#### Data under study

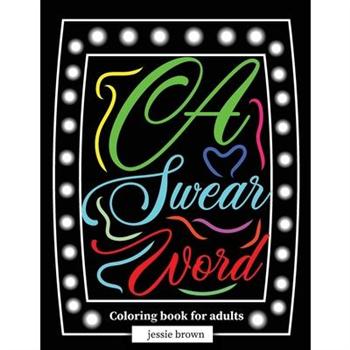 A Swear word Coloring book for adults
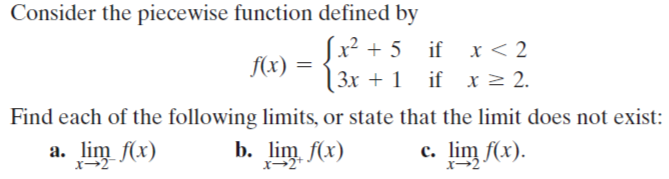 Consider the piecewise function defined by
Sx² + 5
f(x)
3x + 1 if x 2 2.
if x < 2
Find each of the following limits, or state that the limit does not exist:
a. lim f(x)
b.
lim f(r)
с. lim f(x).
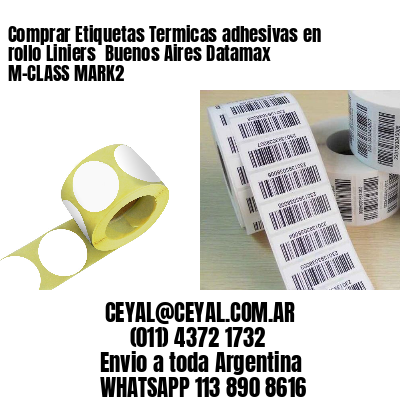 Comprar Etiquetas Termicas adhesivas en rollo Liniers  Buenos Aires Datamax M-CLASS MARK2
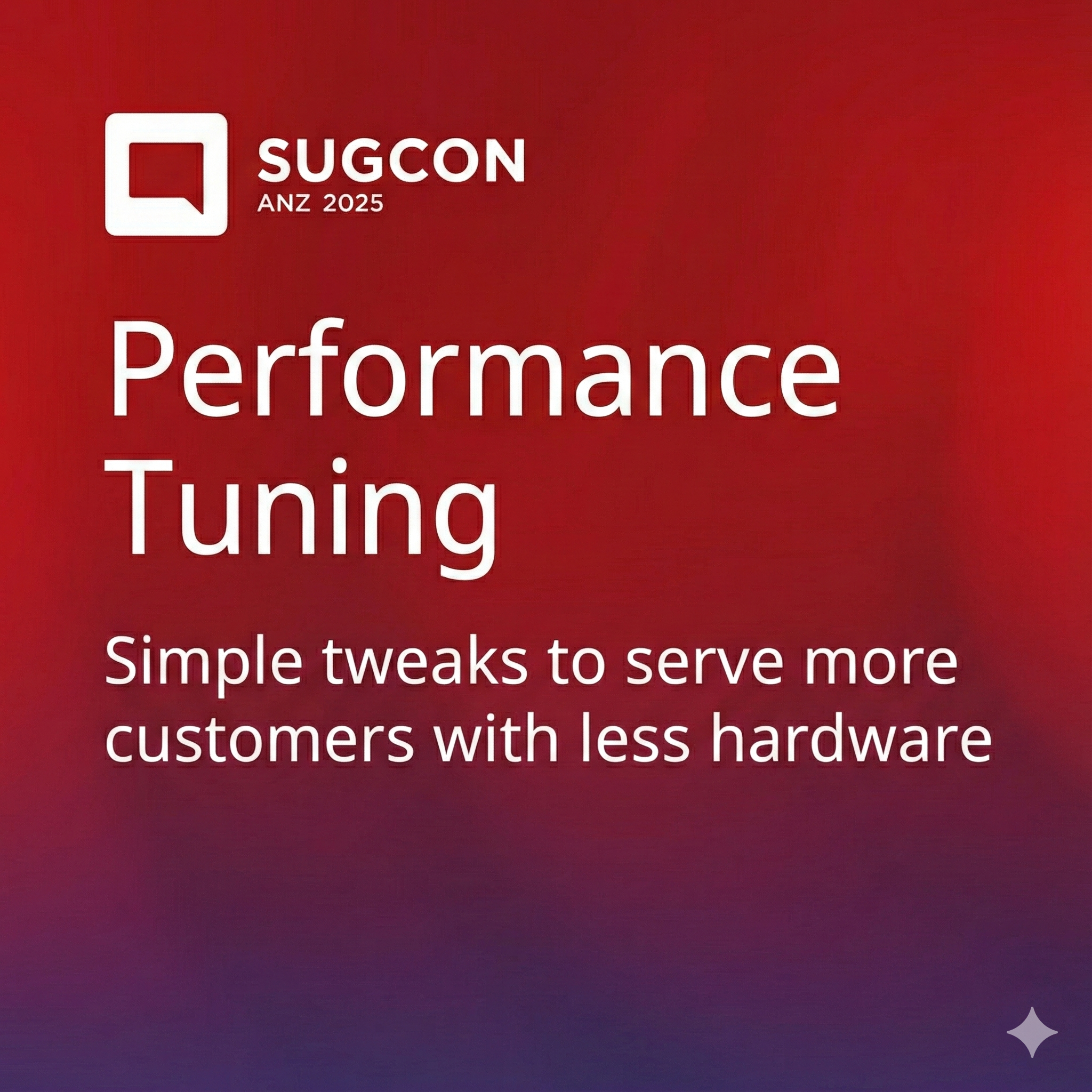 SUGCON ANZ 2025 - Performance Tuning Thumbnail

#### The task
Leave the pictures out. Transcribe exactly the lines from the one with "a. lim f(x)" through the end of the records.

#### Written reply
a. lim f(x)
b.
lim f(r)
с. lim f(x).
 Comprar Etiquetas Termicas adhesivas en rollo Liniers  Buenos Aires Datamax M-CLASS MARK2
 SUGCON ANZ 2025 - Performance Tuning Thumbnail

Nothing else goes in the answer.